## Problem statement
Transcribe the line holding "World oceans day" together with every line after it, through the end of the records, exactly and with no pictures.

────────────────────────────────────────

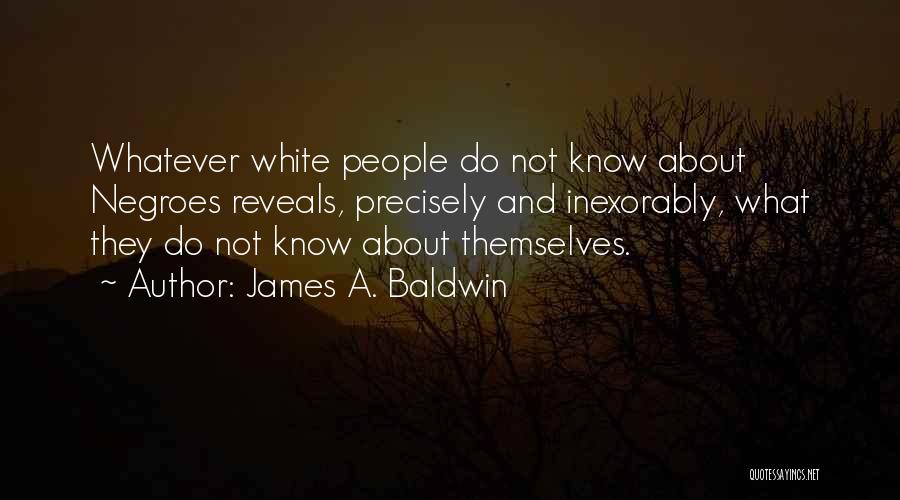 James A. Baldwin Quotes: Whatever White People Do Not Know About Negroes Reveals, Precisely And Inexorably, What They Do Not Know About Themselves.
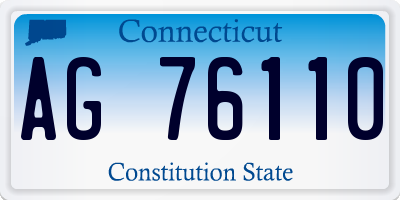 CT license plate AG76110
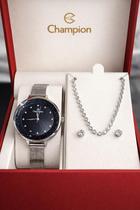 Relógio Feminino Champion CF24322C Pulseira Cravejada e Brincos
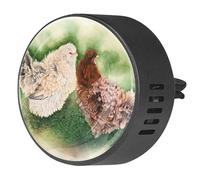 VAPOKF 2 clips de ventilación para coche, ambientador con dos gallinas que juegan en la hierba, difusor de aceite esencial de aromaterapia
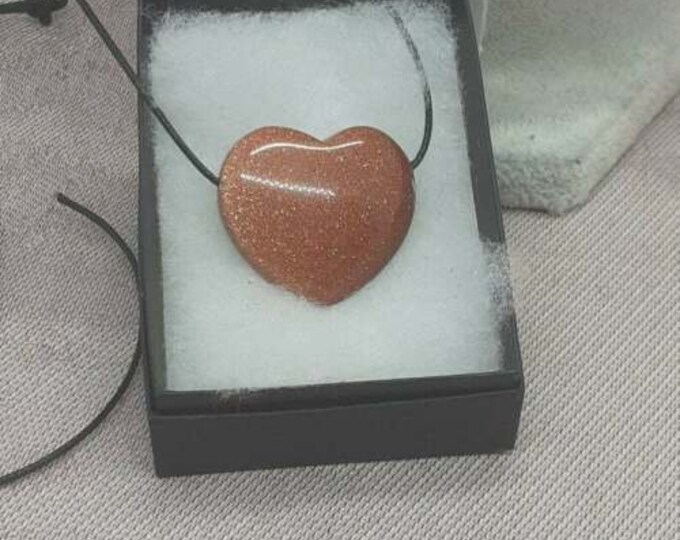 Goldstone Heart 30 mm X 28 mm-Pendant-  Black Cord- Gift Box- Gift Yourself- Friend- Family -Loved One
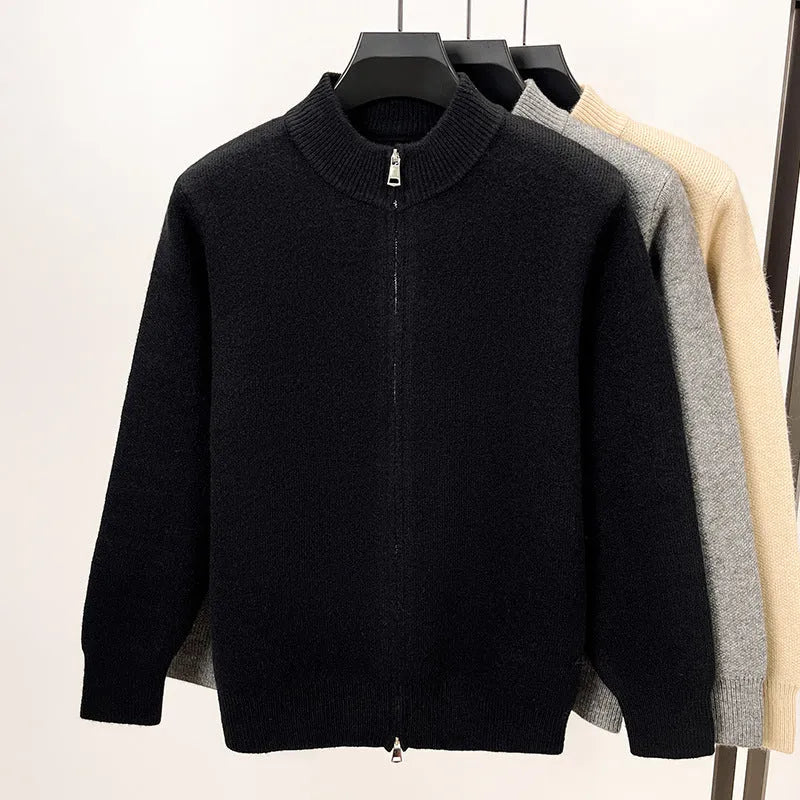 Men's black stand collar knitted cardigan with zipper front in loose fit thickened construction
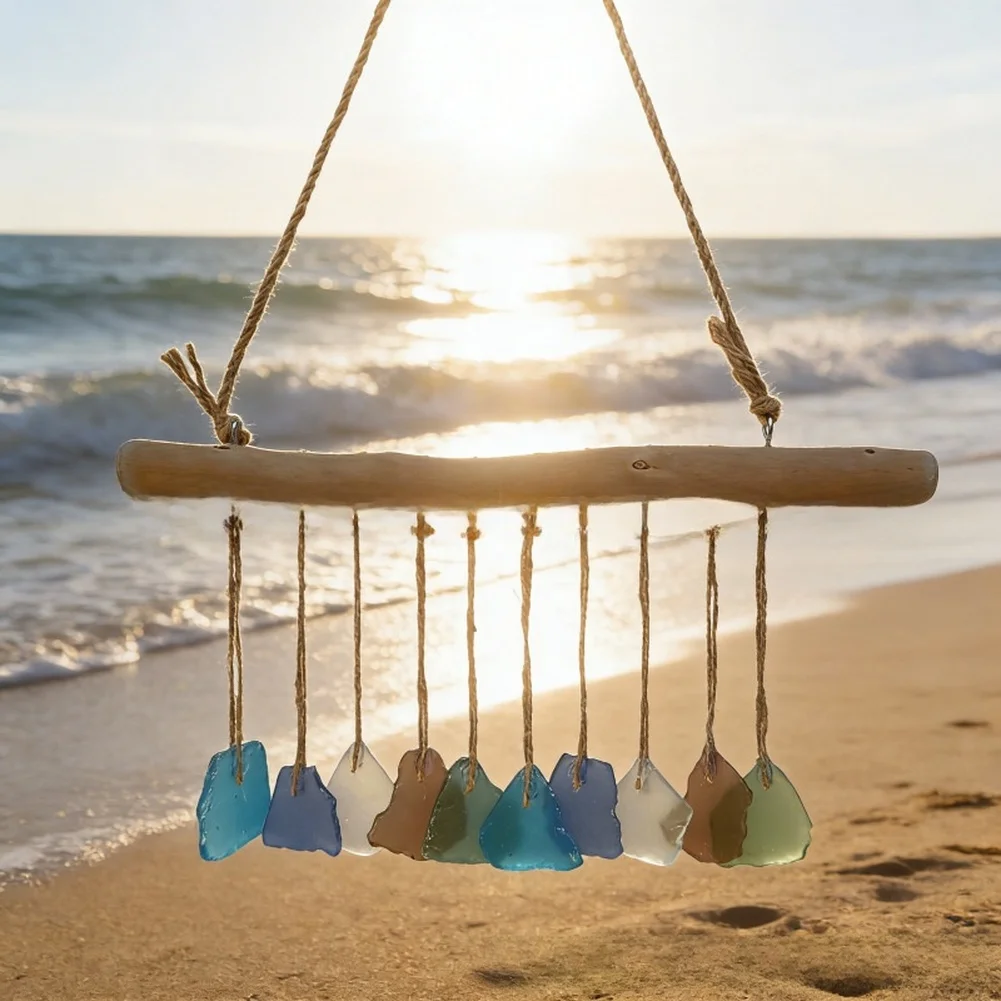 Handmade Blue Sea Glass Wind Chime With Driftwood Beach Style Wall Hanging Art Decor For Indoor And Outdoor Use view 5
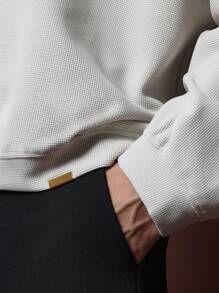 SUMWON 华夫格针织运动衫超大落肩高级休闲运动家居服冬季秋季舒适街头服饰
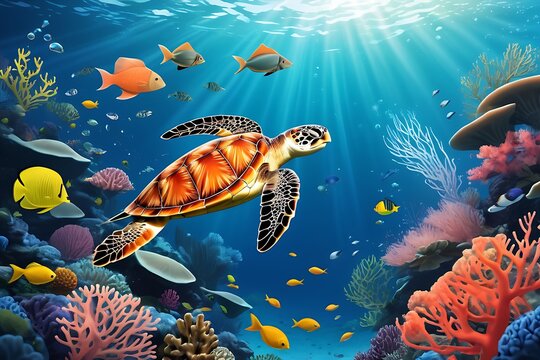 World oceans day 8 June. Save our ocean. Sea turtle, jellyfish and fish were swimming underwater with beautiful coral and seaweed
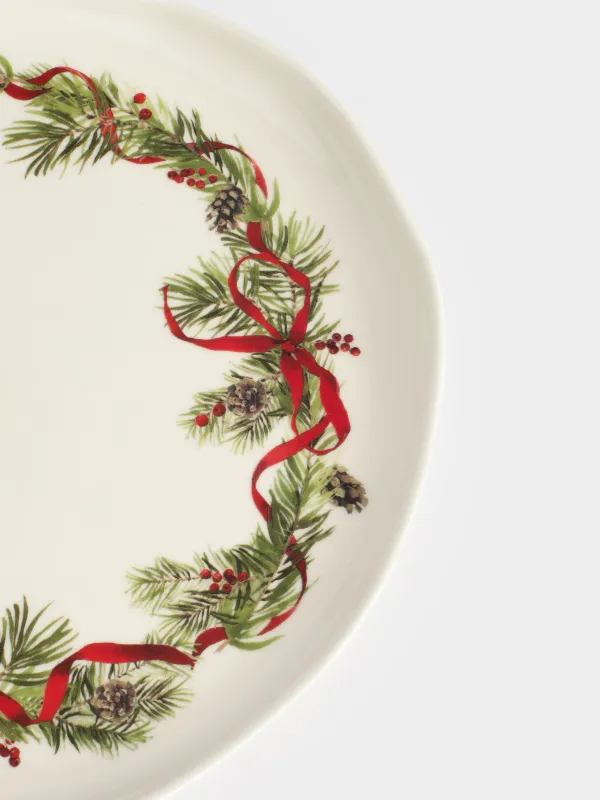 Тарелка обеденная, 26 см, фарфор N, белая, Шишки и рябина, Rowan delice, image-1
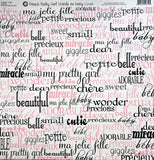 Canvas Corp French baby Girl Words on Ivory Paper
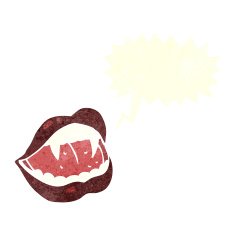 cartoon vampire lips with speech bubble N15
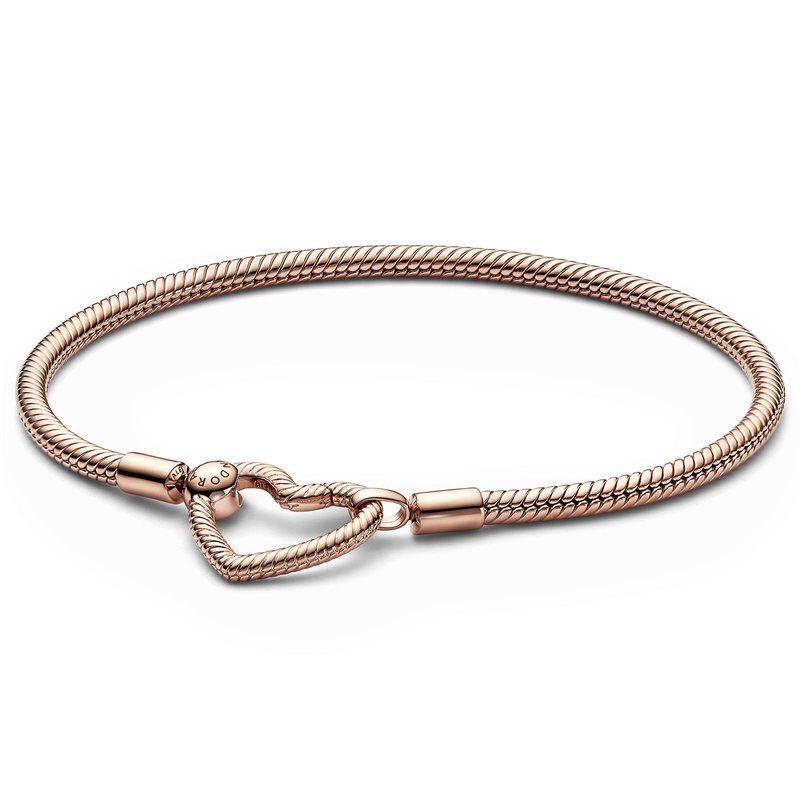 Pandora Moments Heart Closure Snake Chain Bracelet | Valentine's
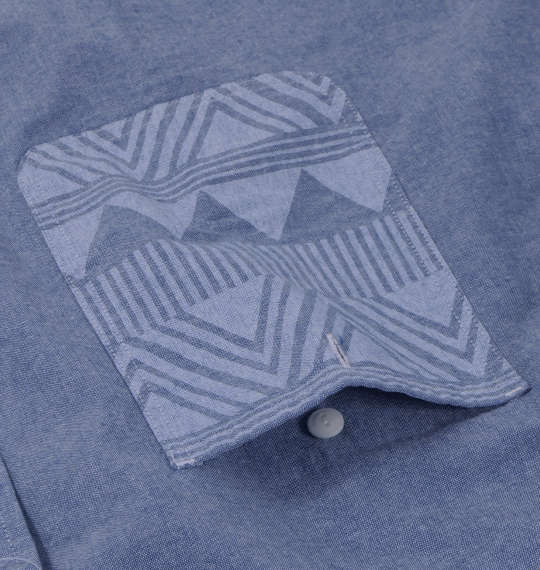 OUTDOOR PRODUCTS ポケットプリント長袖ワークシャツ ブルー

────────────────────────────────────────

## Output
 World oceans day 8 June. Save our ocean. Sea turtle, jellyfish and fish were swimming underwater with beautiful coral and seaweed
 Тарелка обеденная, 26 см, фарфор N, белая, Шишки и рябина, Rowan delice, image-1
 Canvas Corp French baby Girl Words on Ivory Paper
 cartoon vampire lips with speech bubble N15
 Pandora Moments Heart Closure Snake Chain Bracelet | Valentine's
 OUTDOOR PRODUCTS ポケットプリント長袖ワークシャツ ブルー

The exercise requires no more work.